IL EST PASSE PAR ICI - REPASSERA-T-IL PAR LÀ ? (De la transhumance des ovins en Cévennes) Par Dominique GARREL
   24/06/2025
IL EST PASSE PAR ICI - REPASSERA-T-IL PAR LÀ ? (De la transhumance des ovins en Cévennes) Par Dominique GARREL

IL EST PASSE PAR ICI - REPASSERA-T-IL PAR LÀ ?

(De la transhumance des ovins en Cévennes)

 

On utilise les paroles de cette comptine « Il court, il court, le furet » afin de communiquer de manière complice et humoristique, que l'on se pose des questions sur l’avenir des drailles et de la transhumance. Cette métaphore est bien contextuelle en ce qui concerne les Cévennes - Mont Lozère.

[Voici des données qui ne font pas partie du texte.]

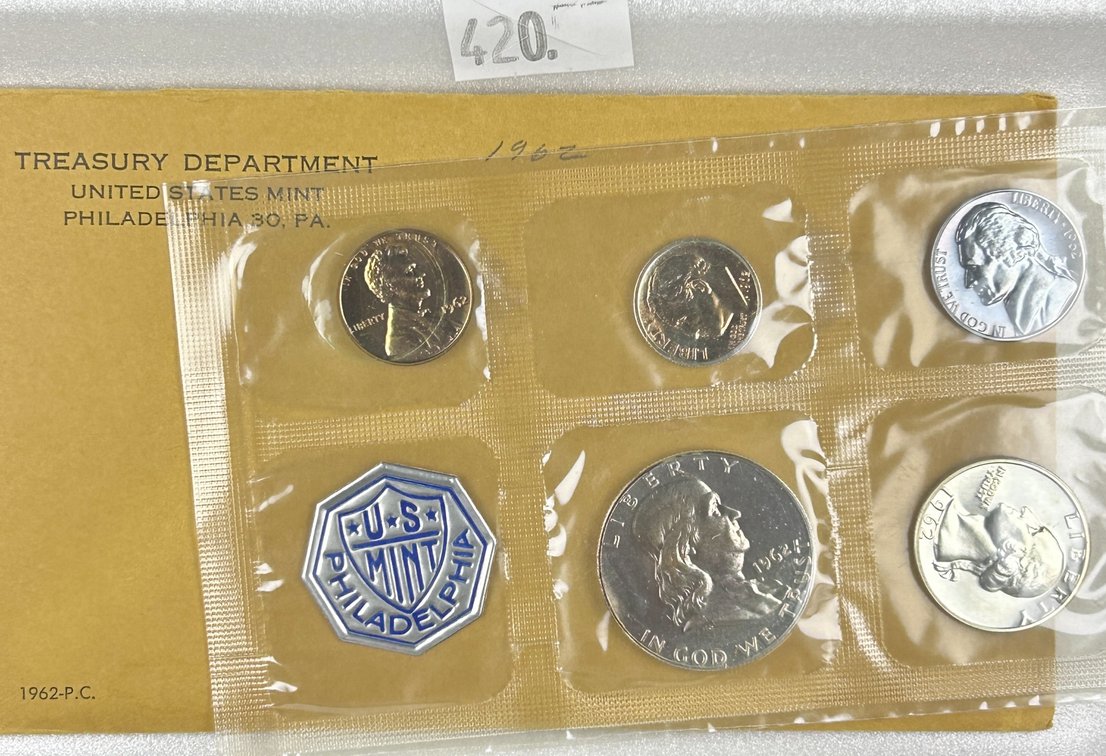 1962 U.S. Proof Set in original envelope. 5-coin set.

Cévennes Magazine s’inquiète ici d’une pratique ancestrale qui, malgré son impact touristique, semble se déliter.

Après une première reconnaissance de la transhumance, pratiquée par les bergers et les éleveurs, inscrite au Patrimoine Culturel Immatériel (PCI) de la France en juin 2020, l’Unesco a reconnu la transhumance comme Patrimoine Culturel Immatériel de l’Humanité en décembre 2023.

Avec cette inscription, ce sont les modes d’élevage et les pratiques de gestion pastorale en altitude, les pratiques coutumières de gestion collective des territoires pastoraux, les savoir-faire liés à l’artisanat et à l’élaboration de produits alimentaires, qui sont reconnus comme un apport à l’humanité. En outre, grâce aux troupeaux et à l'estivage, ces terres ne sont pas envahies par les broussailles ; le mouton agissant sur le pâturage comme un agent de « conservation du paysage ».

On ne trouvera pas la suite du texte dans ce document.